According to the paper “High-speed high-security signatures”…

Malleability. We also see no relevance of "malleability" to the standard definition of signature security.

Aside from the example, how is ed25519 malleable by the non-standard definition of signature security?

To be more specific:

I'd like to know about any malleability with signatures/keys. The example provided seems not to be a risk because the key must also change. If anything's been discovered since this paper, that would also be helpful. I'm concerned with ECDSA type malleabilities and wonder if there's anything “close”.

Answer 1

Ed25519 in the default implementation is malleable.

• It includes the public key $A$ in the hashed message, so it cannot be modified
• It includes $R$ in the hashed message, so it cannot be modified

• $S$ is encoded as a 256 bit.
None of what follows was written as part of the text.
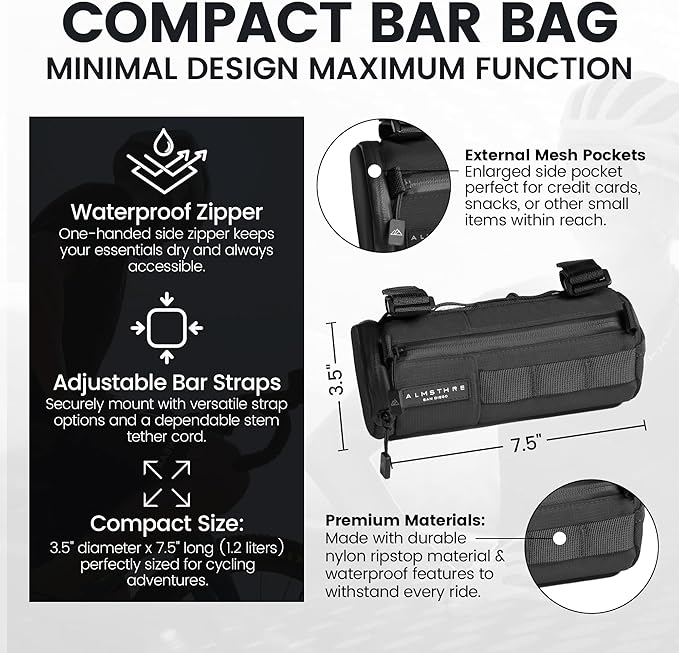 ALMSTHRE Compact Bar Bag – Midnight Black | Hard-Shell Bike Handlebar Bag with Waterproof Zipper & Adjustable Straps | Lightweight Bicycle Handlebar Bag, Compatible with Road, Gravel & MTB Bikes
But since it's a scalar, $S^\prime = S + k \cdot l$ is equivalent to $S$ for any integral $k$ (where $l$ is the order of the subgroup, slightly larger than $2^{252}$).

  This means that $S$ is malleable if the implementation doesn't verify that $S < l$. I verified this malleability with the Ref10 implementation.

• There could be equivalent values for $S$, even when verifying that $0 \leq S < l$. The paper says:

  Malleability. We also see no relevance of “malleability” to the standard definition of signature security. For example, if we slightly modified the system then replacing $S$ by $−S$ and replacing $A$ by $−A$ (a slight variant of the “attack” of [75]) would convert one valid signature into another valid signature of the same message under a new public key; but it would still not accomplish the attacker’s goal, namely to forge a signature on a new message under a target public key. One such modification would be to omit $\underline{A}$ from the hashing; another such modification would be to have $\underline{A}$ encode only |A|, rather than A.

  The way I understand this is that there are no such equivalent values.

• $S$ malleability is implementation dependent. Other implementations or batch verification might have different properties.